Event Collapse in Contrast Maximization Frameworks
Shintaro Shiba, Yoshimitsu Aoki, Guillermo Gallego
TL;DR
This work identifies and addresses the event-collapse failure mode in Contrast Maximization (CMax) for event-based vision by introducing two collapse metrics grounded in space-time deformation: the divergence of the event transformation flow and area-based deformation via the Jacobian determinant. These metrics are integrated as regularizers into the CMax objective, yielding an augmented objective $J(\boldsymbol{\theta}) = -G(\boldsymbol{\theta}) + \lambda R(\boldsymbol{\theta})$ that discourages collapse without harming well-posed warps. Experiments on MVSEC, DSEC, and ECD show substantial reductions in end-to-end optical-flow errors and improved IWE sharpness for collapse-enabled warps, while leaving well-posed warps unaffected, and a sensitivity analysis clarifies the trade-offs in regularization strength. The results demonstrate that the proposed regularizers provide a robust, data-efficient solution to event collapse, enabling CMax to handle broader warp models and paving the way for more reliable event-based motion estimation and segmentation.

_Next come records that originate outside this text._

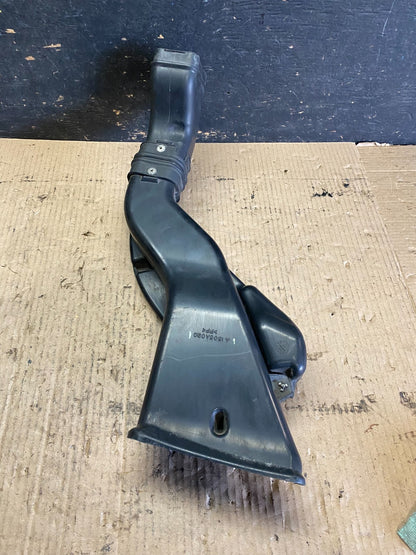 2009 Mitsubishi Outlander 1505A090 Air Intake Tube/Resonator Q3258 DG7
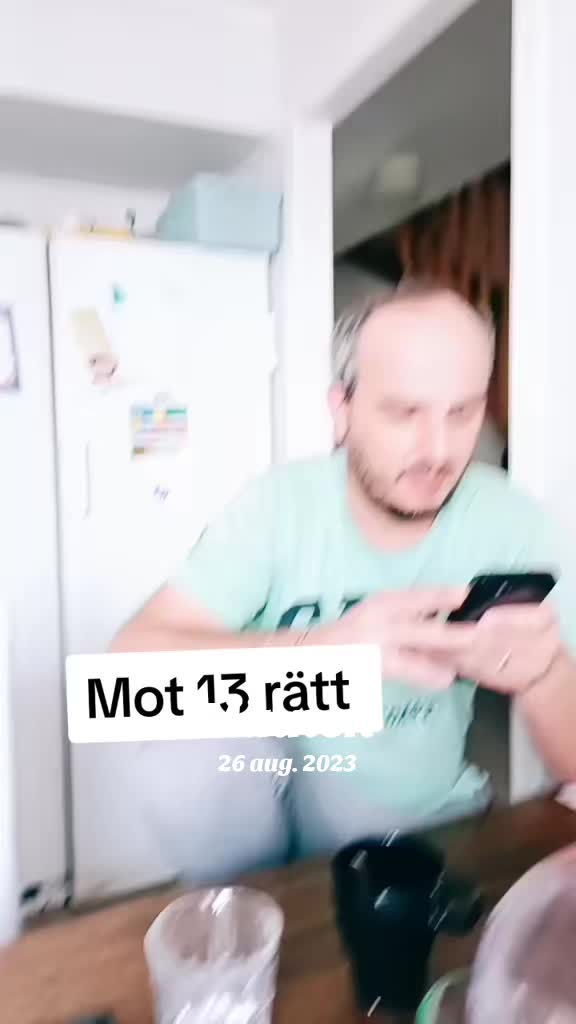 @lalle on the air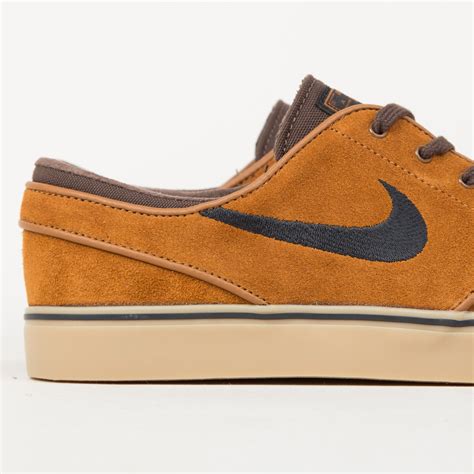 nike stefan janoski herren braun|Nike sb janoski stockx.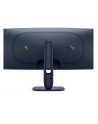 dell Monitor AW3425DWM 34 cale Curved AMD FreeSync VA 180Hz WQHD         (3440x1440)/21:9/1xDP/2xHDMI/2xUSB 3.2/3Y AES'PPE - nr 13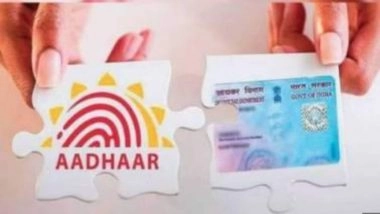 PAN-Aadhaar Linking Ends December 31: Process to Link Online and Consequences of Missing the Deadline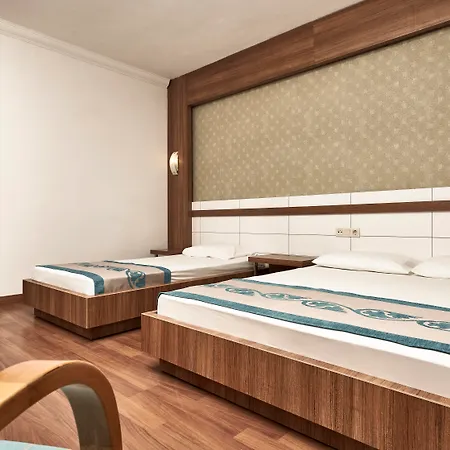 Maya Golf (adults Only) Hotel Side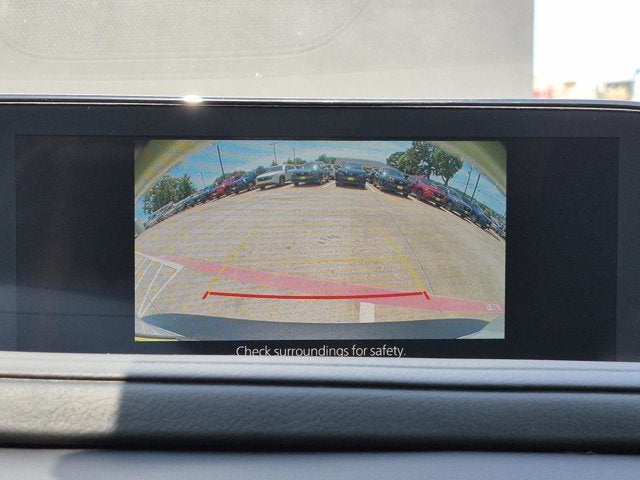 2026 Mazda Mazda CX-30 2.5 S Select Sport AWD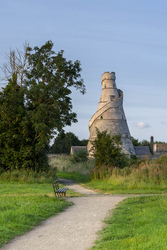 #83  The Wonderful Barn, Leixlip II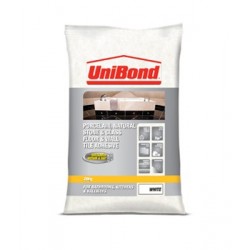 Tile grout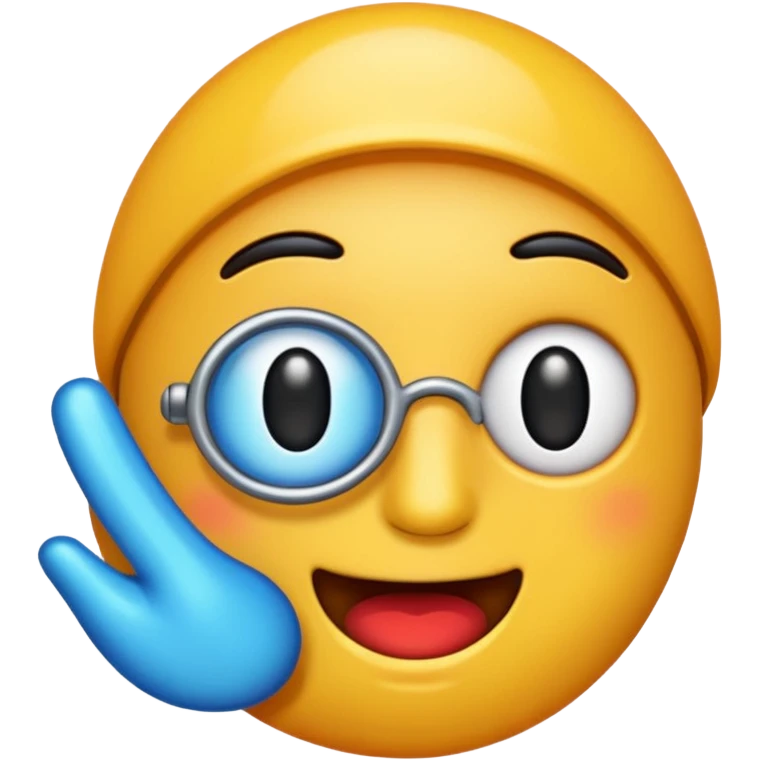 creame un emoji de amog us emoji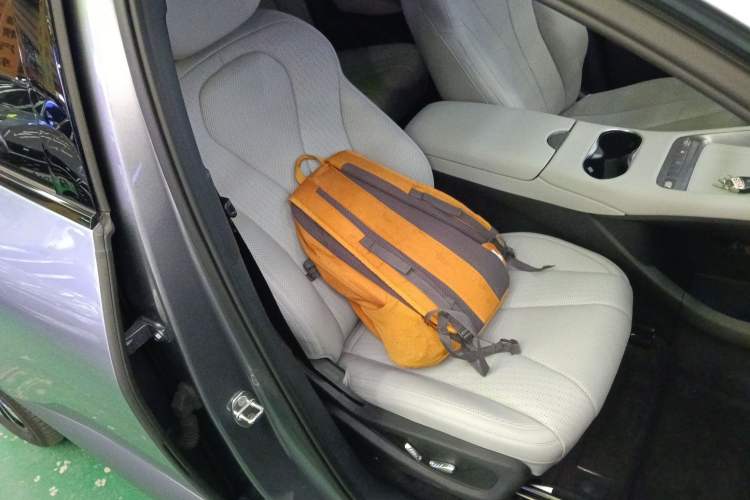 Used BYD Sealion 06 New Energy 2025 Model EV 520 Navigation Edition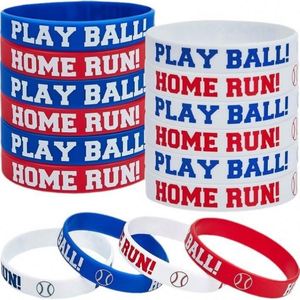 Pulsera de Silicona Personalizada Barata, Brazalete de Silicona Personalizado para Regalos Promocionales y Eventos, Pulseras de Silicona - Product Image 6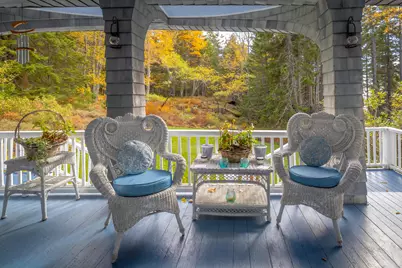 3 Asticou Hill Trail-Northeast Harbor, Mount Desert, ME 04662 - Photo 54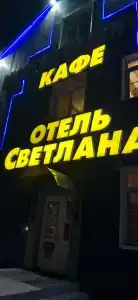 Светлана - 8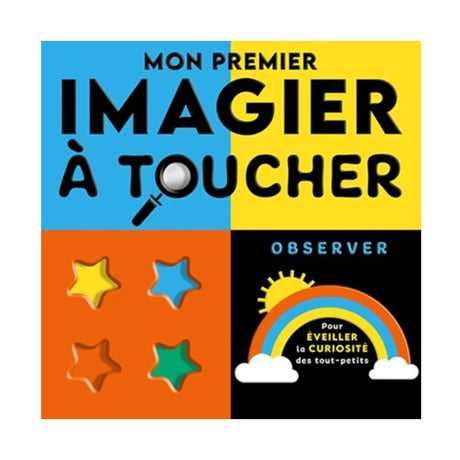 Mon 1er Imagier À Toucher-Prologue-PRL-A146736-CLÉMENT
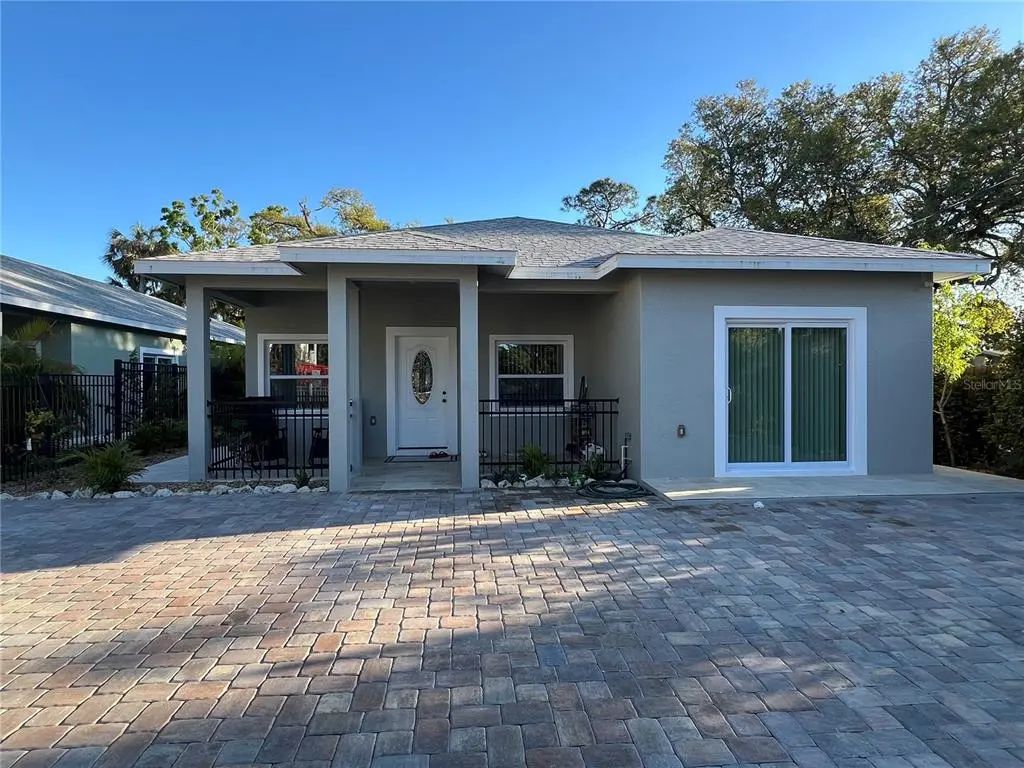1534 25th Street, SARASOTA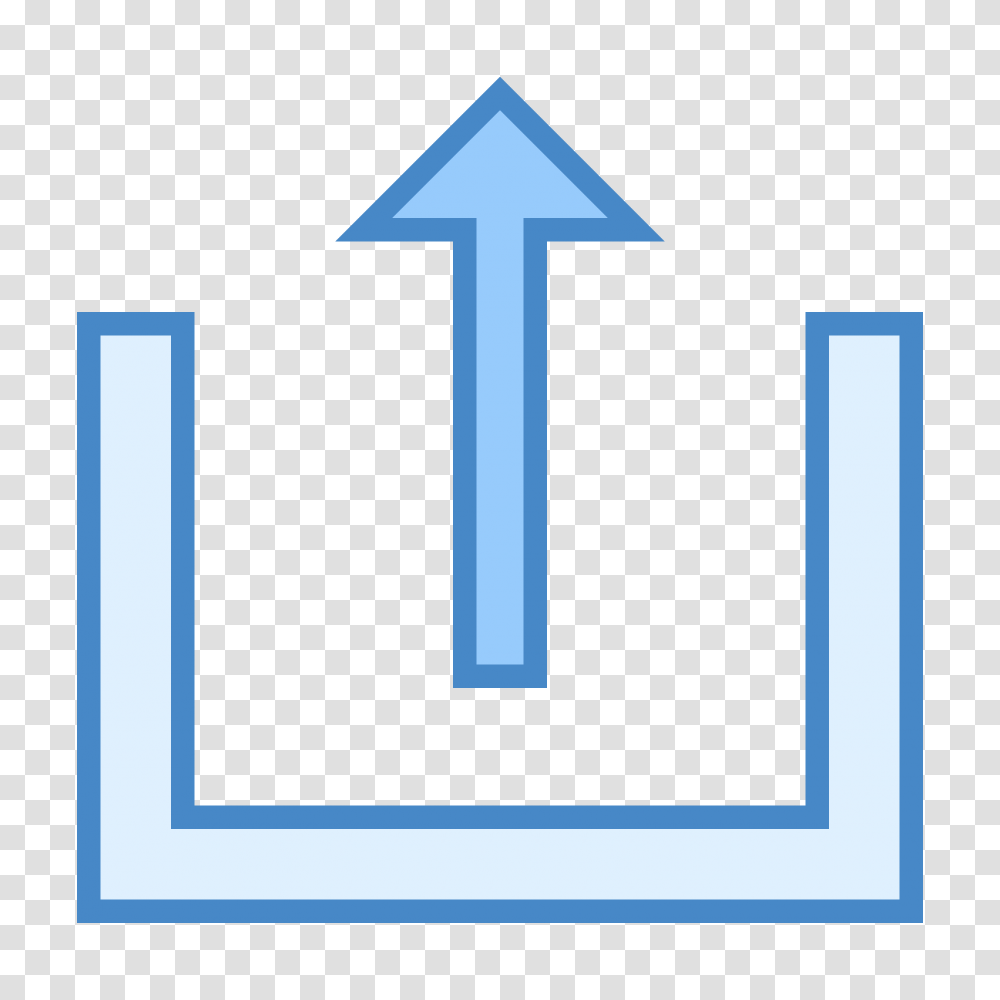 Level Up Icon, Cross, Sign Transparent Png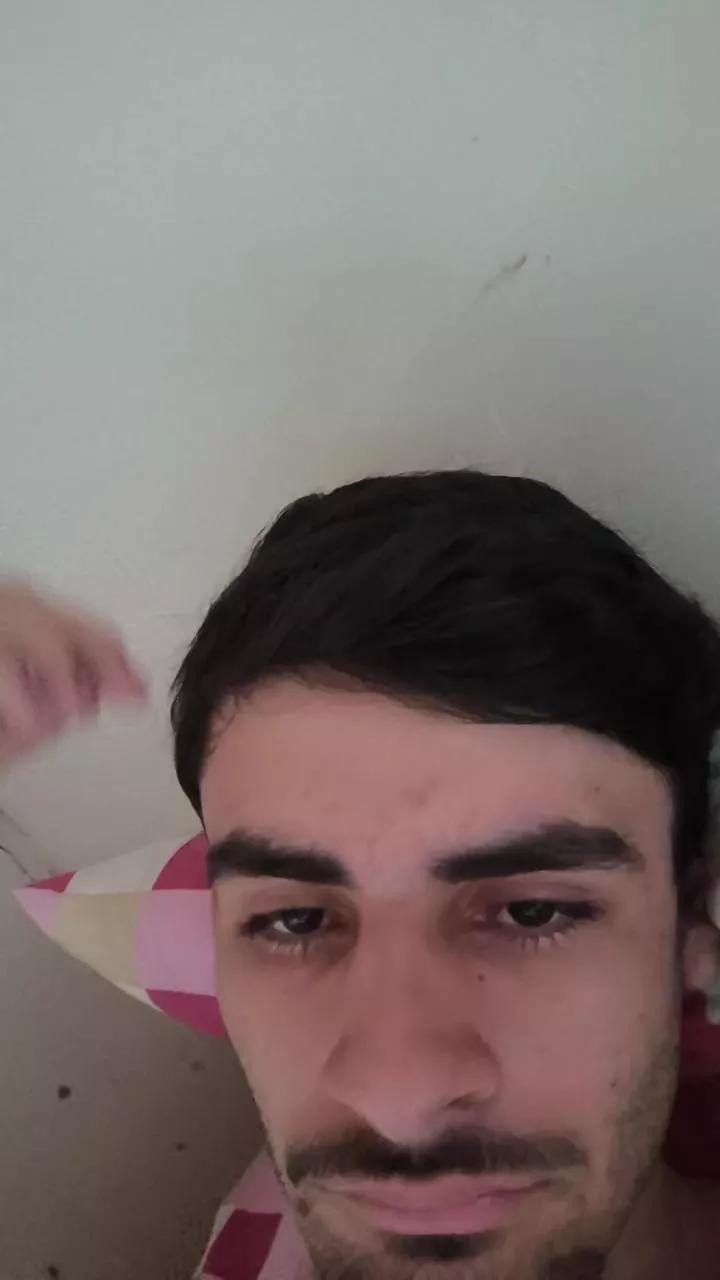 NovinPauzudoo on Cam4 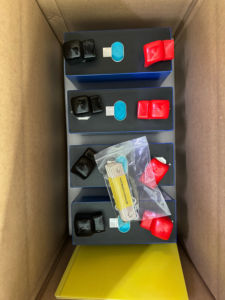 Shenzhen Basen Grade Battery Diy 3.2v 302ah Cell 3.2v 280ah Mb30 306ah Mb31 314ah 8000cycle Eu Stock - Product Image 3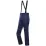 Штаны мужские Alpine Pro LERMON, Dark blue, M (MPAY615692 M) - 1 - Robinzon.ua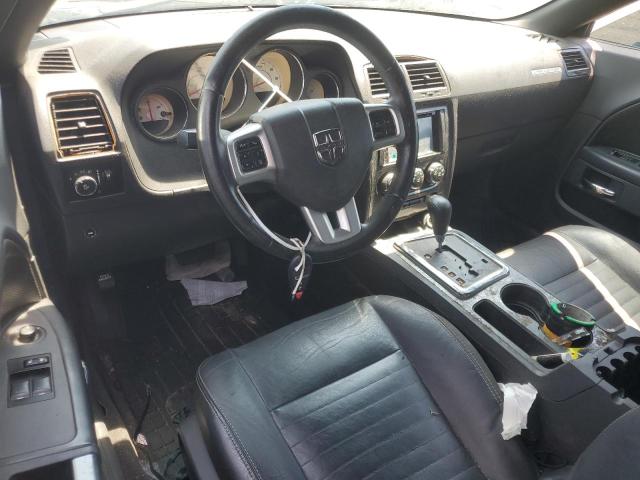 2011 DODGE CHALLENGER #3301606658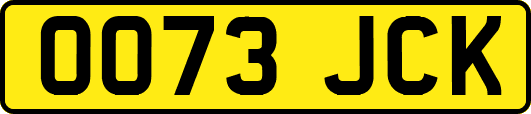 OO73JCK
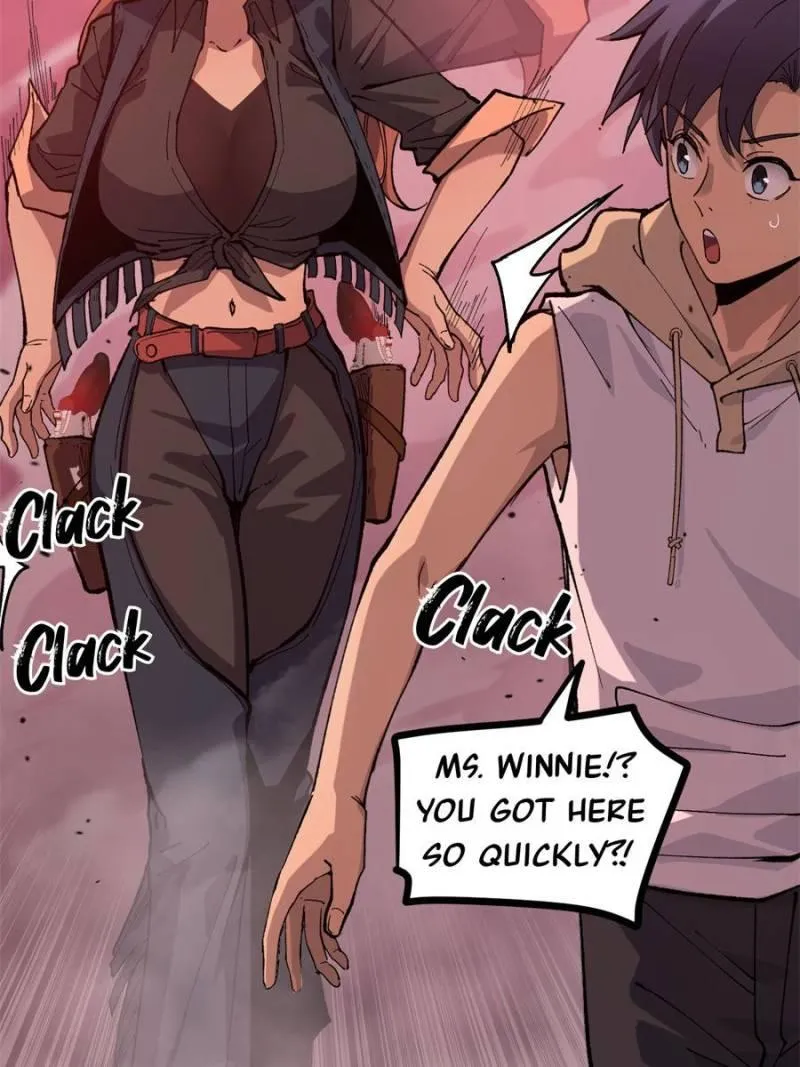 Read Myriad Realms Gatekeeper chapter 28 image 32 on Lezhin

The work also lays a foundation for extending these metrics to more complex warp families via finite-difference approximations, broadening the applicability of CMax in dynamic scenes.
Abstract
Contrast maximization (CMax) is a framework that provides state-of-the-art results on several event-based computer vision tasks, such as ego-motion or optical flow estimation. However, it may suffer from a problem called event collapse, which is an undesired solution where events are warped into too few pixels. As prior works have largely ignored the issue or proposed workarounds, it is imperative to analyze this phenomenon in detail. Our work demonstrates event collapse in its simplest form and proposes collapse metrics by using first principles of space-time deformation based on differential geometry and physics. We experimentally show on publicly available datasets that the proposed metrics mitigate event collapse and do not harm well-posed warps. To the best of our knowledge, regularizers based on the proposed metrics are the only effective solution against event collapse in the experimental settings considered, compared with other methods. We hope that this work inspires further research to tackle more complex warp models.